One recent incident that highlights the potential consequences of brand collaborations with transgender influencers is Bud Light’s partnership with Dylan Mulvaney. The brand commemorated Mulvaney’s one-year transition journey with a special edition can. Following this event, a noticeable drop in sales has occurred, and calls for a boycott have emerged. This situation has also impacted the sales of other brands of Anheuser-Busch, the parent company. Those supporting the boycott interpret this as evidence that embracing social causes may lead to financial setbacks with the “go woke, go broke” mantra.
However, there is a debate about the impact of the decline in Bud Light sales on its financial standing. Michel Doukeris, the global CEO of Anheuser-Busch InBev, acknowledged the decrease in Bud Light sales. He stated that it only accounted for approximately 1 percent of the company’s global volume. Financial analysts argue that Bud Light’s situation is relatively insignificant compared to the brewer’s overall revenue. As a result, opinions differ regarding what caused the drop in stock price.
The backlash against brands embracing “woke” culture is often portrayed as a conservative outcry. However, the decline in Bud Light sales and the results of the Newsweek poll suggest that this sentiment goes beyond just conservatives. Prominent conservatives have been vocal about their dislike for brands they see as too “woke.” It’s clear that resistance to wokeness is not limited to any one political group anymore.

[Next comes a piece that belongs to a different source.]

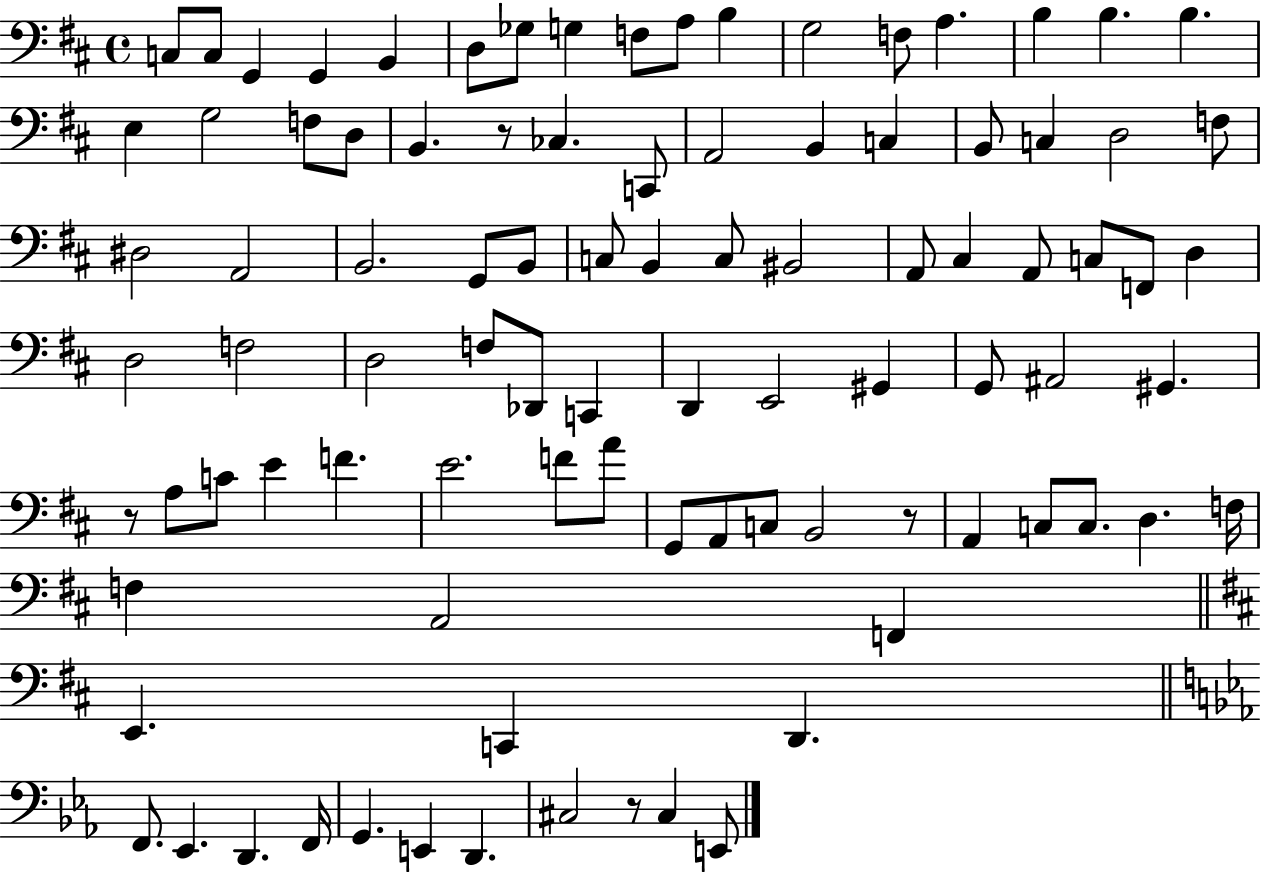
C3/e C3/e G2/q G2/q B2/q D3/e Gb3/e G3/q F3/e A3/e B3/q G3/h F3/e A3/q. B3/q B3/q. B3/q. E3/q G3/h F3/e D3/e B2/q. R/e CES3/q. C2/e A2/h B2/q C3/q B2/e C3/q D3/h F3/e D#3/h A2/h B2/h. G2/e B2/e C3/e B2/q C3/e BIS2/h A2/e C#3/q A2/e C3/e F2/e D3/q D3/h F3/h D3/h F3/e Db2/e C2/q D2/q E2/h G#2/q G2/e A#2/h G#2/q. R/e A3/e C4/e E4/q F4/q. E4/h. F4/e A4/e G2/e A2/e C3/e B2/h R/e A2/q C3/e C3/e. D3/q. F3/s F3/q A2/h F2/q E2/q. C2/q D2/q. F2/e. Eb2/q. D2/q. F2/s G2/q. E2/q D2/q. C#3/h R/e C#3/q E2/e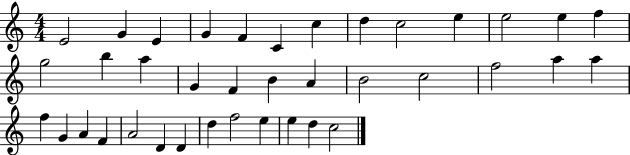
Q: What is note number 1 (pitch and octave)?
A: E4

According to a Newsweek poll, 71 percent of Trump supporters from the 2020 election agreed with the sentiment “go woke, go broke.” Similarly, 62 percent of Biden supporters also shared this view. This suggests that skepticism or outright rejection of perceived corporate wokeness extends beyond any specific political allegiance or ideology. Therefore, it can be seen as a sentiment that resonates universally more than commonly assumed.
The contrast between millennials, often associated with advocating for social justice and inclusivity, and their current support of the “go woke, go broke” mantra is intriguing. It reveals the complex and diverse perspectives within this demographic and challenges existing narratives about millennials and wokeness. In a time of heightened awareness in society and politics, the discussion surrounding ‘wokeness’ has evolved into a more nuanced conversation. The once binary concepts of corporate intent and social responsibility are now part of an ever-changing discourse.